BEGIN Dataset records
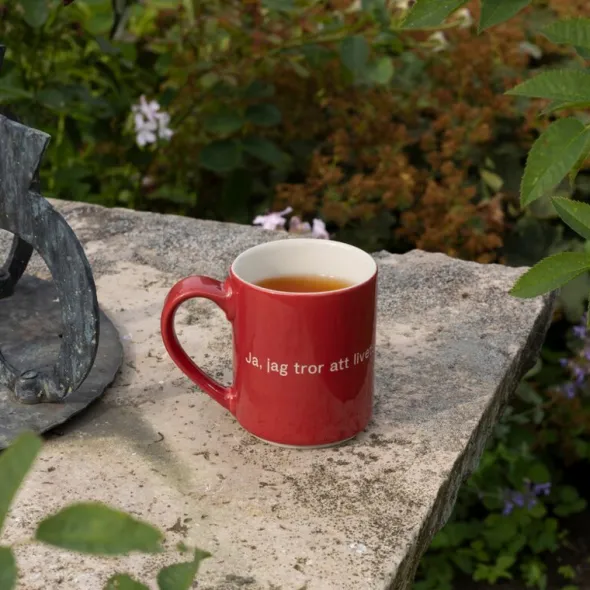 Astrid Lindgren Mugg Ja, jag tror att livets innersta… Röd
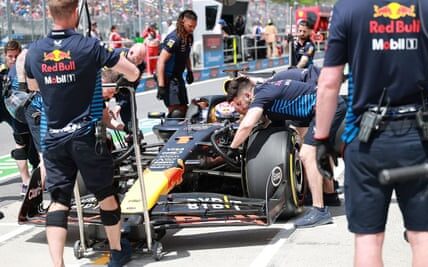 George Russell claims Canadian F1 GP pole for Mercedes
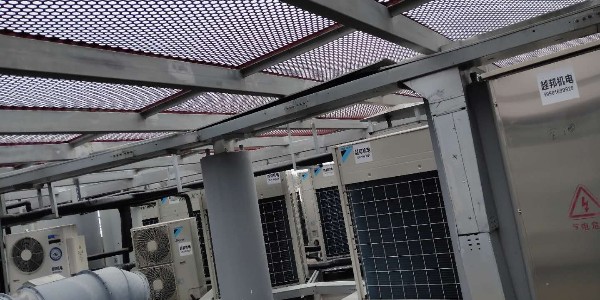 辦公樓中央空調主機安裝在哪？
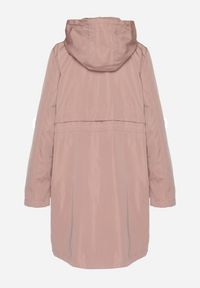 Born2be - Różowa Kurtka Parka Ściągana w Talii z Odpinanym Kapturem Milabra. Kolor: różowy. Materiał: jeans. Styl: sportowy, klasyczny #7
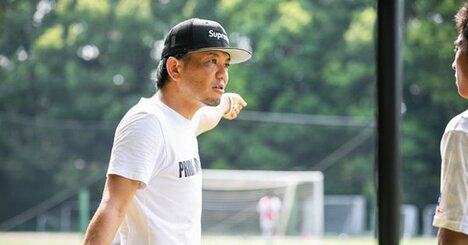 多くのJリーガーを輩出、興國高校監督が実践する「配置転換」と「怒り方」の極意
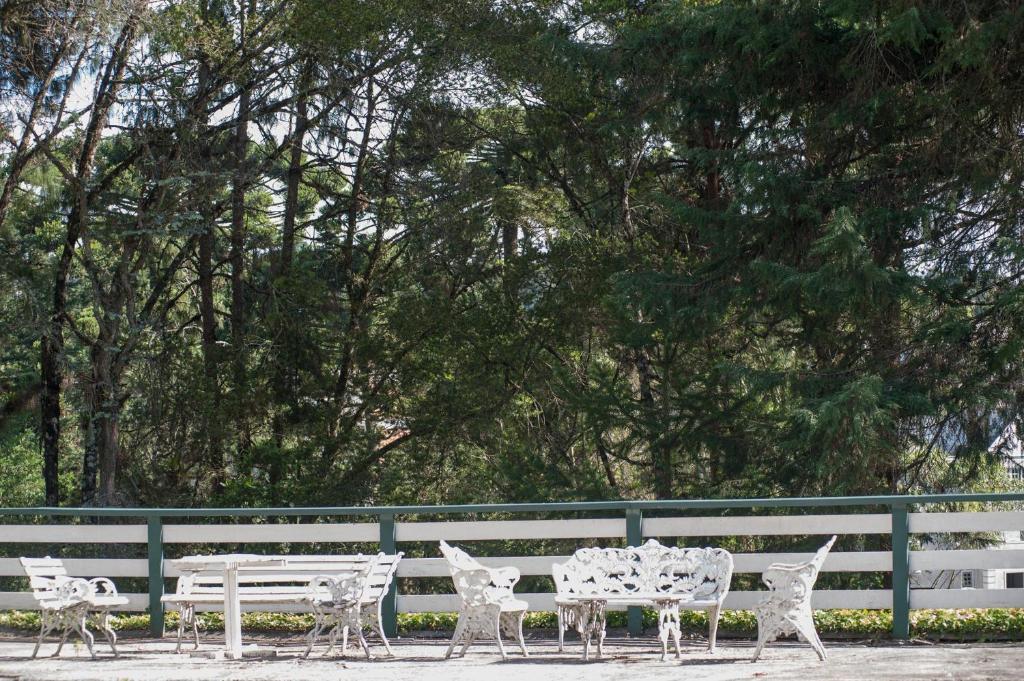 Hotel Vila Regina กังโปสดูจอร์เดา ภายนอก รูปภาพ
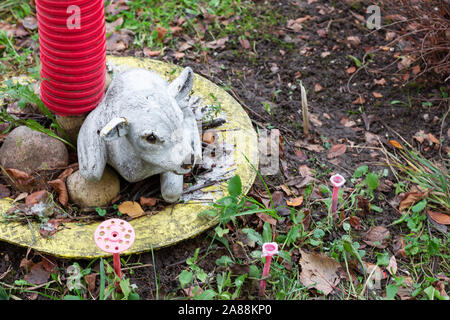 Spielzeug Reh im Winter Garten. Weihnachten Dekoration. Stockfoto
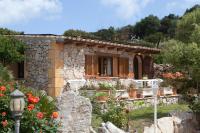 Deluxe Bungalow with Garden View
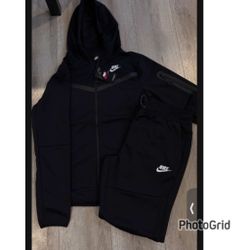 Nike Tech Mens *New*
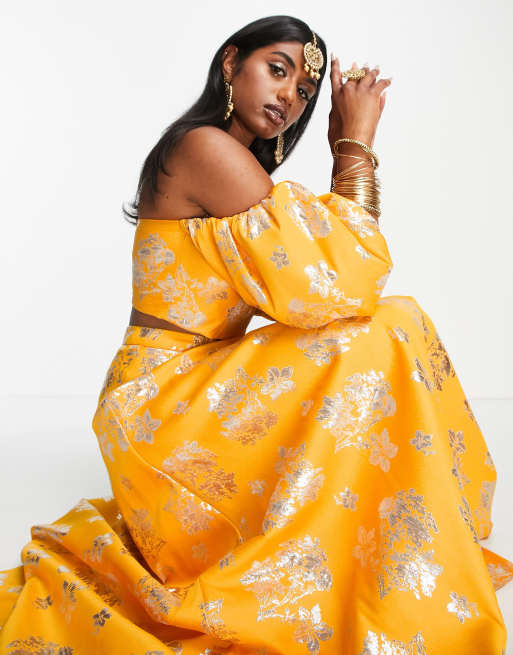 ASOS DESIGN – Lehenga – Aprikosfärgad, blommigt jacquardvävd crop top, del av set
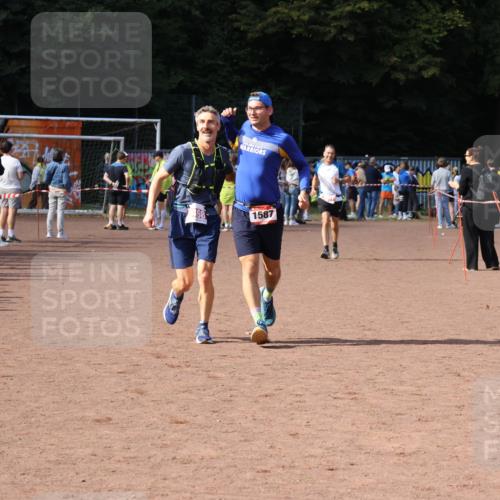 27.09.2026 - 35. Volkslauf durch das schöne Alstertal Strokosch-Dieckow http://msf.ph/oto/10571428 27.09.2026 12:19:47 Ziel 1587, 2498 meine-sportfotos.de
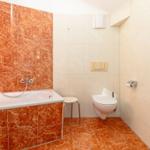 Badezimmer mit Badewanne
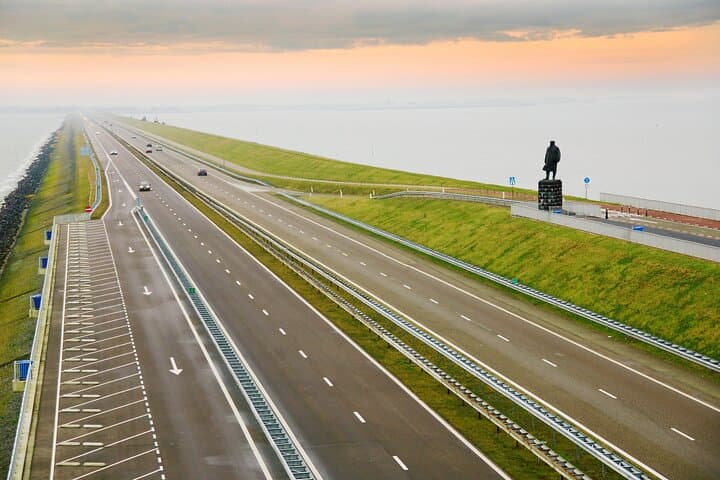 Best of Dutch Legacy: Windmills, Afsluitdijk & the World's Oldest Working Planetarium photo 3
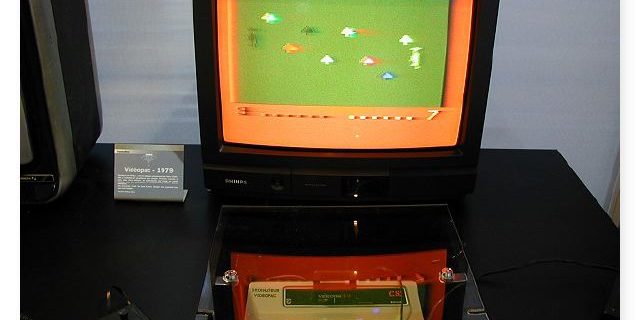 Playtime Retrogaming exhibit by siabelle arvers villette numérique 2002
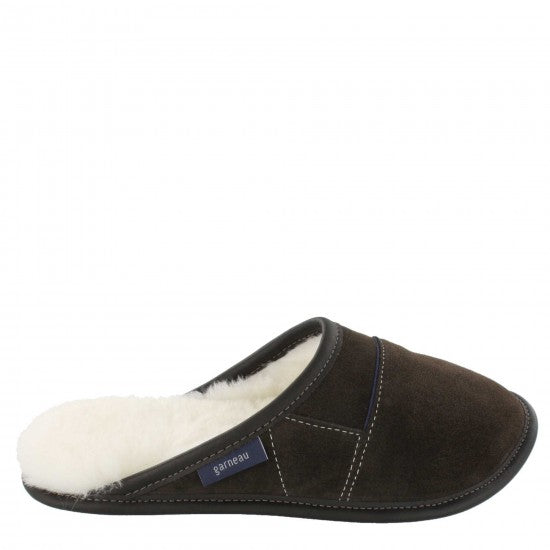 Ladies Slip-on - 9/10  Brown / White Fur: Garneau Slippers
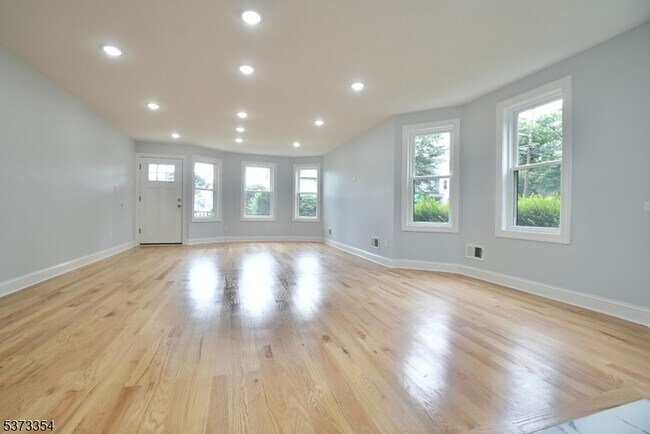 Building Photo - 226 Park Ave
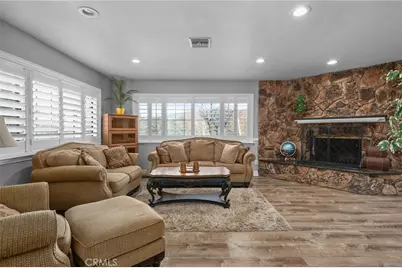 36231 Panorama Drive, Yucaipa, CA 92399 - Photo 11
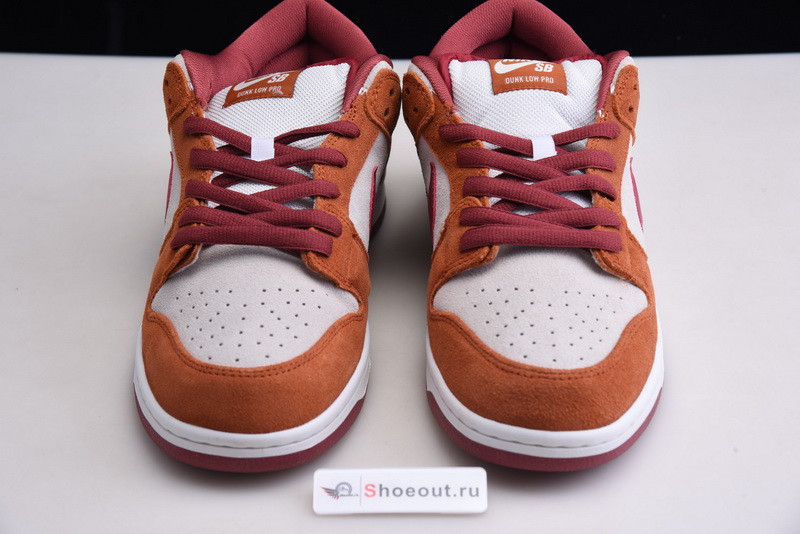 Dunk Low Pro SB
END Dataset records
Every line above from the one with "Spielzeug Reh im" down to the one with "ASOS DESIGN –" must be written out exactly, and no picture may appear.

* Written response:
 Spielzeug Reh im Winter Garten. Weihnachten Dekoration. Stockfoto
 Deluxe Bungalow with Garden View
 Nike Tech Mens *New*
 ASOS DESIGN – Lehenga – Aprikosfärgad, blommigt jacquardvävd crop top, del av set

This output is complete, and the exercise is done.